--- Data excerpt ---
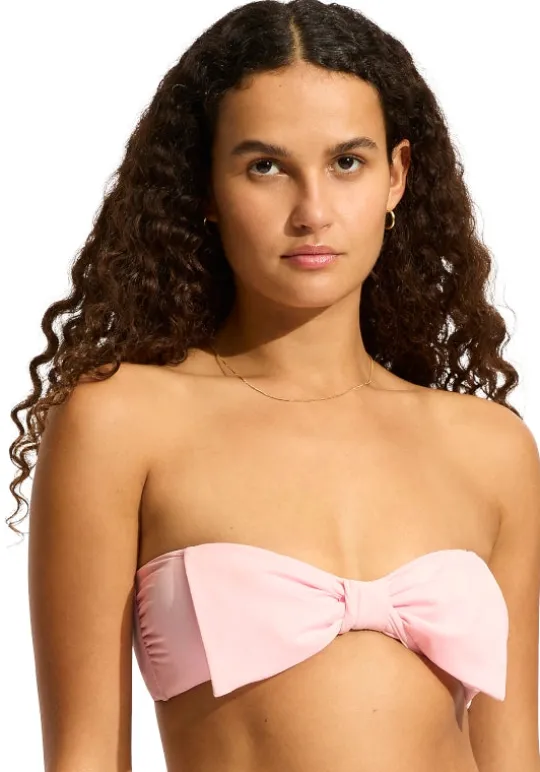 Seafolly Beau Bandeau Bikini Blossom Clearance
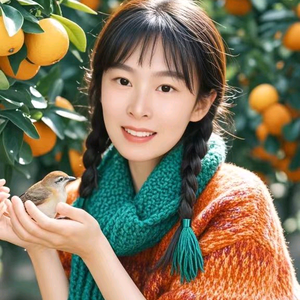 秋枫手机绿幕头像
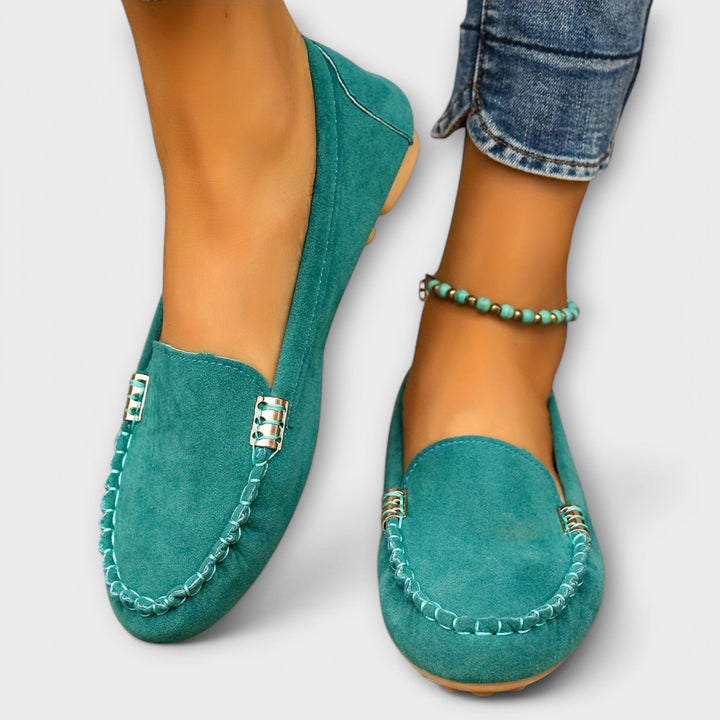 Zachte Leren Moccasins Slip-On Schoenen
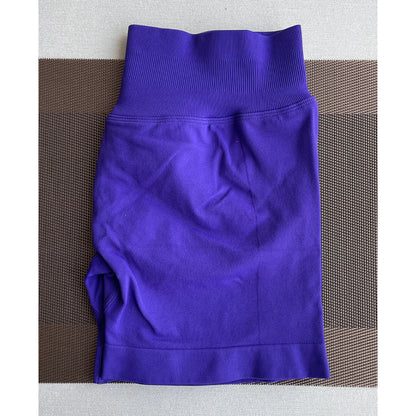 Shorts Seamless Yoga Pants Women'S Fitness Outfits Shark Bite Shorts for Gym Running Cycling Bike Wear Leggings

--- Task instructions ---
Give the data above again in full and unchanged, skipping the pictures.

--- Finished exercise ---
 Seafolly Beau Bandeau Bikini Blossom Clearance
 秋枫手机绿幕头像
 Zachte Leren Moccasins Slip-On Schoenen
 Shorts Seamless Yoga Pants Women'S Fitness Outfits Shark Bite Shorts for Gym Running Cycling Bike Wear Leggings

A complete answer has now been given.